AGAS Guest Lecture with Dr. Carolina Mangone
October 16th, 2025 at 5:30 pm

Travertine base (detail), Gian Lorenzo Bernini, Fountain of the Four Rivers (Fontana dei Quattro Fiumi), Piazza Navona, Rome, commission by Pope Innocent X, 1651, marble (photo: Steven Zucker, CC BY-NC-SA 2.0)
Date & Time
October 16th, 2025 at 5:30 pm
– October 16th, 2025 at 6:45 pm
Type of Event
Assoc. of Graduate Art Students Lectures
Lectures
Academic Area
Art History
Stony Ground: Sculpture, Architecture, and Travertine in Bernini’s Four River Fountain
The Association of Graduate Art Students will be hosting Dr. Carolina Mangone as the 2025 fall guest scholar. An expert in Bernini, Mangone is associate professor of art and archaeology at Princeton University. Mangone’s lecture is titled: “Stony Ground: Sculpture, Architecture, and Travertine in Bernini’s Four River Fountain”
Lecture Details
What does it mean for an artist to transform stone into stone? How do we understand mimesis that eliminates the difference between material and its representation? This lecture examines these questions through the lens of Gianlorenzo Bernini’s Four Rivers Fountain (1648-51), focusing on its rocky grotto base hewn from craggy, porous travertine made to look like the stone itself in its natural state. The stakes of this monument will be explored in relation to early modern natural philosophies about the formation of rocks and mountains; geological imaginaries about the origins for building; and the tradition of sculptor-architects. The interpretation of Bernini’s travertine base that emerges dissolves the boundaries of the natural, the sculptural, and the architectural and, in turn, gives new purchase on the non-finito in early modernity.
About the Lecturer
Carolina Mangone is a historian of Early Modern Art and Architecture. Her scholarship explores concepts and practices of imitating, copying, simulating, and faking; the materials and techniques of art and their movement across medial and professional boundaries; the traffic in art theoretical concepts across cultures and languages; modes of visualizing religious ideas and their histories; and the afterlives of early modern artists and architects in text and image.

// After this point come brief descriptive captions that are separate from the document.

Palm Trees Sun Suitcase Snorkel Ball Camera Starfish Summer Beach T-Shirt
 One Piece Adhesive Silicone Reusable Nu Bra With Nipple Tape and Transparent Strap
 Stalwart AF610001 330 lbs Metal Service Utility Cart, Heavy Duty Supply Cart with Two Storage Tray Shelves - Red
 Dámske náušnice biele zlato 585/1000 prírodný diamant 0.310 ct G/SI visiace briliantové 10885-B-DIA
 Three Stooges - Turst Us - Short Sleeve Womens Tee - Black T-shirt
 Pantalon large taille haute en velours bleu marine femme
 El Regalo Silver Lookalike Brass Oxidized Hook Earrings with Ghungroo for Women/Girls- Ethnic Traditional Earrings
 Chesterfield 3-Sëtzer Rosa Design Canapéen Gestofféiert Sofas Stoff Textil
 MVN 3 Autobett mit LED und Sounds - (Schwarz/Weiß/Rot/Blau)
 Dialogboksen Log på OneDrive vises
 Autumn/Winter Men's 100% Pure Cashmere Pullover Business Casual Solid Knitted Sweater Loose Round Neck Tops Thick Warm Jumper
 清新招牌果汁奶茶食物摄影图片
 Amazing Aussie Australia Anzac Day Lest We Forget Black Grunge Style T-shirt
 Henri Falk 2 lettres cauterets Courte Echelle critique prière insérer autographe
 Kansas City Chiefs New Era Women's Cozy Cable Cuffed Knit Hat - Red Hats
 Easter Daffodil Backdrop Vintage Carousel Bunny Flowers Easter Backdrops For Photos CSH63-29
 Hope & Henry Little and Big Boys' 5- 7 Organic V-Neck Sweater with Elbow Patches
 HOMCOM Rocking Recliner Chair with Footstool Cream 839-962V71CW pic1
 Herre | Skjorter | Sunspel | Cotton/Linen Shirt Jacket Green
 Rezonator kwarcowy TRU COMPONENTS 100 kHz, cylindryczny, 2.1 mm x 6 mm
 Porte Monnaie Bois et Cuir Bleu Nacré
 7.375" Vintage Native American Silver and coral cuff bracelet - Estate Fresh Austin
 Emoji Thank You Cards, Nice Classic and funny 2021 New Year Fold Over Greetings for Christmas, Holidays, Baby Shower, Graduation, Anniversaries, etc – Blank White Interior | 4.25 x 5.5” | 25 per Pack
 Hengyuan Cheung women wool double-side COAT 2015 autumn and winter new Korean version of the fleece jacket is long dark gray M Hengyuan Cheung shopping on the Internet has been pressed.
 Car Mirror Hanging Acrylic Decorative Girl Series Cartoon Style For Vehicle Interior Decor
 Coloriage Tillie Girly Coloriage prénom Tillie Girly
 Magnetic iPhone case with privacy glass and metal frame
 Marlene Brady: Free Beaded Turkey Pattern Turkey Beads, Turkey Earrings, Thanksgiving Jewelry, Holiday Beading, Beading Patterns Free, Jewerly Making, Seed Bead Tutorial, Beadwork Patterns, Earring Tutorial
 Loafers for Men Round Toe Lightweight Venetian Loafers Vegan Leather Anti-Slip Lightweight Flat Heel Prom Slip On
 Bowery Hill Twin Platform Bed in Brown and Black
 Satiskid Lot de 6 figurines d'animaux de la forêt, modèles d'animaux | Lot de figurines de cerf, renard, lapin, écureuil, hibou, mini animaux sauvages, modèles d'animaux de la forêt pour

Mangone’s first book, Bernini’s Michelangelo (Yale, 2020), examines the contestedness of canonicity in its early modern foundations by studying how Gianlorenzo Bernini constructed an artistic theory through imitating the art and architecture of Michelangelo Buonarroti. This study both resituates Michelangelo’s legacy to a constitutive, if fraught, place in Roman artistic theory and practice and demonstrates how Bernini approached this legacy as a surprisingly flexible repertory of precepts and forms that he reconciled—with daring license and creative restraint—to the changed aesthetic, sacred, and theoretical imperatives of his era. Mangone is also the co-editor, with Evonne Levy, of Material Bernini (Ashgate, 2016) a collaboration that constitutes the first study of Bernini’s sculptural production—in clay, marble, bronze, and on paper—from material and intermedial perspectives.
Prior to joining the Department of Art & Archeology at Princeton University in 2015, Mangone was a Mellon Postdoctoral Fellow and Lecturer in the Department of Art and Archaeology at Columbia University. Her research has been supported by the Social Sciences and Humanities Research Council of Canada, the Italian Ministry of Foreign Affairs, the Canadian Center for Architecture in Montreal, the National Gallery of Art in Washington D.C., the School of Historical Studies at the Institute for Advanced Study in Princeton, and the Center for Advanced Study in the Visual Arts in Washington D.C. She is currently a Behrman Faculty Fellow in the Humanities Council at Princeton University (2022-24) and Director of the Program in Italian Studies (2023-27).